* **DATASET EXCERPT**
----

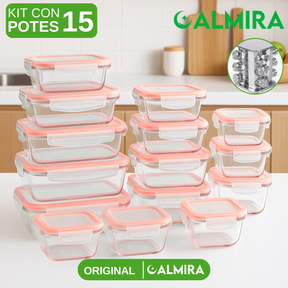 Conjunto de Recipientes Organizadores de Vidrio Templado con Tapa Antiderrame +REGALO: Porta Condimentos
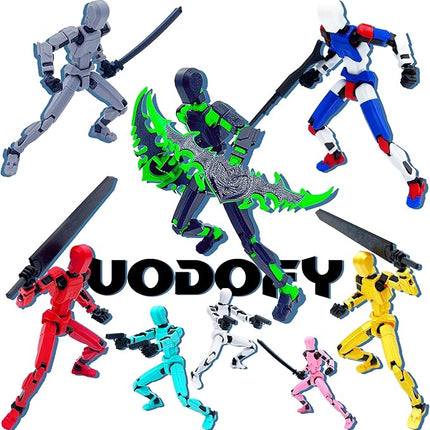 T13 (Assembly Completed) Action Figure Set, 3D Printed Toys Robo 13 Dummy 13 Titan 13 Nova 13 Stick Titan (Black + Green)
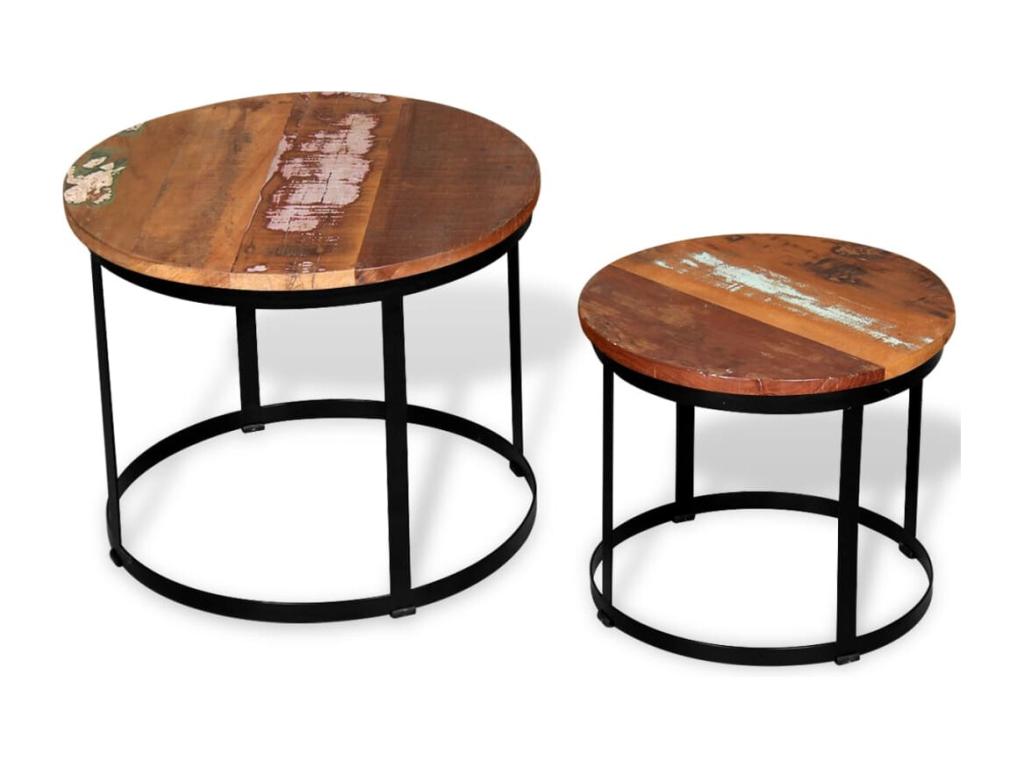 Coffee table, 2 pcs, reclaimed solid Mobenze, round, 40 cm / 50 cm, PXNQ21737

----

* **DIRECTIONS FOR THIS TASK**
Please reproduce the lines exactly from the one containing "T13 (Assembly Completed)" through the last line of the data above, and keep the pictures out.

* **OUTPUT FOR THIS TASK**
 T13 (Assembly Completed) Action Figure Set, 3D Printed Toys Robo 13 Dummy 13 Titan 13 Nova 13 Stick Titan (Black + Green)
 Coffee table, 2 pcs, reclaimed solid Mobenze, round, 40 cm / 50 cm, PXNQ21737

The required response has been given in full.